◆ **DATA FOR PROCESSING**:

______

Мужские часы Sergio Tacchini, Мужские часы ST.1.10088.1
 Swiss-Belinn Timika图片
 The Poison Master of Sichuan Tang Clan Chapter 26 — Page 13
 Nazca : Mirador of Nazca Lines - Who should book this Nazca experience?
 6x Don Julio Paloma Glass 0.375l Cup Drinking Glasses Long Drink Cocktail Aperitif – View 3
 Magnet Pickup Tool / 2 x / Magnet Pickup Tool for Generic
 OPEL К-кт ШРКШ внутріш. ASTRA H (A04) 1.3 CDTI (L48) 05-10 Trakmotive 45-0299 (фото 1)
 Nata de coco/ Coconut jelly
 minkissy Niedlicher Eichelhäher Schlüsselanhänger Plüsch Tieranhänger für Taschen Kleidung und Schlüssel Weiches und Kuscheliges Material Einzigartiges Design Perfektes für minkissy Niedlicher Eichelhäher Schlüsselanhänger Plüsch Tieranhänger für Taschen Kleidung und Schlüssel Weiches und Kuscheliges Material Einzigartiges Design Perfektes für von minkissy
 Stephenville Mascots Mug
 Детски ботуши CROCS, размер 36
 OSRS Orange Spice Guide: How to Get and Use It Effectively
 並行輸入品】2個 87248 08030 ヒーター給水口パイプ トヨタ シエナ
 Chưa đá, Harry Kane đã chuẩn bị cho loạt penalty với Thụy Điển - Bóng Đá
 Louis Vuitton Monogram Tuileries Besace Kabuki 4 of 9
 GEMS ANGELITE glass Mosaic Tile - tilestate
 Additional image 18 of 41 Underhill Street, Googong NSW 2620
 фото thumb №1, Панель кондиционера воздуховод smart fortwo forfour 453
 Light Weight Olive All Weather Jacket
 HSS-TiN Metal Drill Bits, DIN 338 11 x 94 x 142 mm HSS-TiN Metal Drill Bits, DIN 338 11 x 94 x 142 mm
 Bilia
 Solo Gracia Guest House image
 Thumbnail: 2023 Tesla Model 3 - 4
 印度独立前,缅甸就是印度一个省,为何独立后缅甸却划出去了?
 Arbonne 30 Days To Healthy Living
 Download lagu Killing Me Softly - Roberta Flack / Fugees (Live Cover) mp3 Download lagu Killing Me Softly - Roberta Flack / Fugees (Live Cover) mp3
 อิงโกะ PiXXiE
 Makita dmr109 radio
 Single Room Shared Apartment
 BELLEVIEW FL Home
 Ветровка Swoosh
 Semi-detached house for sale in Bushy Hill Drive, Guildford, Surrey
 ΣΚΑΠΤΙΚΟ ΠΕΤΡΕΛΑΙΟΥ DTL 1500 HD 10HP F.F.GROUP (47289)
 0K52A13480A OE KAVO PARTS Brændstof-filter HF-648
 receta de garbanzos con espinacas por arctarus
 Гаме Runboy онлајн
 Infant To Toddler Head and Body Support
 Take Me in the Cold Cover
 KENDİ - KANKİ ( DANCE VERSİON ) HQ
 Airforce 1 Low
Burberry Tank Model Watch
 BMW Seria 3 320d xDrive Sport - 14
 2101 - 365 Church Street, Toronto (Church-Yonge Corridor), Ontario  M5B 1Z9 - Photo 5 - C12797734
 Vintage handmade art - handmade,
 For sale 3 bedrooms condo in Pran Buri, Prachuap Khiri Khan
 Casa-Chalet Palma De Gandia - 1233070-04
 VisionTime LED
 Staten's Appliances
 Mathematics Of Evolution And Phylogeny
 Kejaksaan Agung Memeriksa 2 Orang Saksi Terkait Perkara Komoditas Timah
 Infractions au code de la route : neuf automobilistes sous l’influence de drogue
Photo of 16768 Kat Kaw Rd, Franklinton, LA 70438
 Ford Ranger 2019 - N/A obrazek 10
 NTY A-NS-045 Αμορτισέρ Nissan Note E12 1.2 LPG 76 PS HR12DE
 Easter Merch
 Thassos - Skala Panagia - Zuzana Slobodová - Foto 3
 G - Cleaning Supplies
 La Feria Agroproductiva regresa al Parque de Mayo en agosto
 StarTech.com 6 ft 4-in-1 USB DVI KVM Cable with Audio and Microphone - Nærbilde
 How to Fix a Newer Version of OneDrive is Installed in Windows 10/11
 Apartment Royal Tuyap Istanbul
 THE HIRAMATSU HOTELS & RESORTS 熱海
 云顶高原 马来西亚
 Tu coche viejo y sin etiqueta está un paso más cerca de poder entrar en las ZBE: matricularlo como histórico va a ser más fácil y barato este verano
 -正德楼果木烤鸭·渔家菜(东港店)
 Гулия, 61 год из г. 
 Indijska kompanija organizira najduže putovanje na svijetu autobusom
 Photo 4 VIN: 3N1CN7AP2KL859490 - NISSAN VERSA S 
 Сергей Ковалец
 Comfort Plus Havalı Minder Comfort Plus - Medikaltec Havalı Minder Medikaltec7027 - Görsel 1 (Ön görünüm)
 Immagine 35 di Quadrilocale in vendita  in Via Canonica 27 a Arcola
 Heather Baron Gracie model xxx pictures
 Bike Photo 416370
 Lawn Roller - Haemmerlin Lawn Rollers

______

◆ **TASK TO CARRY OUT**: The output should be exactly the lines above from the line containing "Nazca : Mirador" to the line containing "Vintage handmade art", inclusive, with no other lines.

◆ **SOLUTION TO THIS EXERCISE**:
 Nazca : Mirador of Nazca Lines - Who should book this Nazca experience?
 6x Don Julio Paloma Glass 0.375l Cup Drinking Glasses Long Drink Cocktail Aperitif – View 3
 Magnet Pickup Tool / 2 x / Magnet Pickup Tool for Generic
 OPEL К-кт ШРКШ внутріш. ASTRA H (A04) 1.3 CDTI (L48) 05-10 Trakmotive 45-0299 (фото 1)
 Nata de coco/ Coconut jelly
 minkissy Niedlicher Eichelhäher Schlüsselanhänger Plüsch Tieranhänger für Taschen Kleidung und Schlüssel Weiches und Kuscheliges Material Einzigartiges Design Perfektes für minkissy Niedlicher Eichelhäher Schlüsselanhänger Plüsch Tieranhänger für Taschen Kleidung und Schlüssel Weiches und Kuscheliges Material Einzigartiges Design Perfektes für von minkissy
 Stephenville Mascots Mug
 Детски ботуши CROCS, размер 36
 OSRS Orange Spice Guide: How to Get and Use It Effectively
 並行輸入品】2個 87248 08030 ヒーター給水口パイプ トヨタ シエナ
 Chưa đá, Harry Kane đã chuẩn bị cho loạt penalty với Thụy Điển - Bóng Đá
 Louis Vuitton Monogram Tuileries Besace Kabuki 4 of 9
 GEMS ANGELITE glass Mosaic Tile - tilestate
 Additional image 18 of 41 Underhill Street, Googong NSW 2620
 фото thumb №1, Панель кондиционера воздуховод smart fortwo forfour 453
 Light Weight Olive All Weather Jacket
 HSS-TiN Metal Drill Bits, DIN 338 11 x 94 x 142 mm HSS-TiN Metal Drill Bits, DIN 338 11 x 94 x 142 mm
 Bilia
 Solo Gracia Guest House image
 Thumbnail: 2023 Tesla Model 3 - 4
 印度独立前,缅甸就是印度一个省,为何独立后缅甸却划出去了?
 Arbonne 30 Days To Healthy Living
 Download lagu Killing Me Softly - Roberta Flack / Fugees (Live Cover) mp3 Download lagu Killing Me Softly - Roberta Flack / Fugees (Live Cover) mp3
 อิงโกะ PiXXiE
 Makita dmr109 radio
 Single Room Shared Apartment
 BELLEVIEW FL Home
 Ветровка Swoosh
 Semi-detached house for sale in Bushy Hill Drive, Guildford, Surrey
 ΣΚΑΠΤΙΚΟ ΠΕΤΡΕΛΑΙΟΥ DTL 1500 HD 10HP F.F.GROUP (47289)
 0K52A13480A OE KAVO PARTS Brændstof-filter HF-648
 receta de garbanzos con espinacas por arctarus
 Гаме Runboy онлајн
 Infant To Toddler Head and Body Support
 Take Me in the Cold Cover
 KENDİ - KANKİ ( DANCE VERSİON ) HQ
 Airforce 1 Low
Burberry Tank Model Watch
 BMW Seria 3 320d xDrive Sport - 14
 2101 - 365 Church Street, Toronto (Church-Yonge Corridor), Ontario  M5B 1Z9 - Photo 5 - C12797734
 Vintage handmade art - handmade,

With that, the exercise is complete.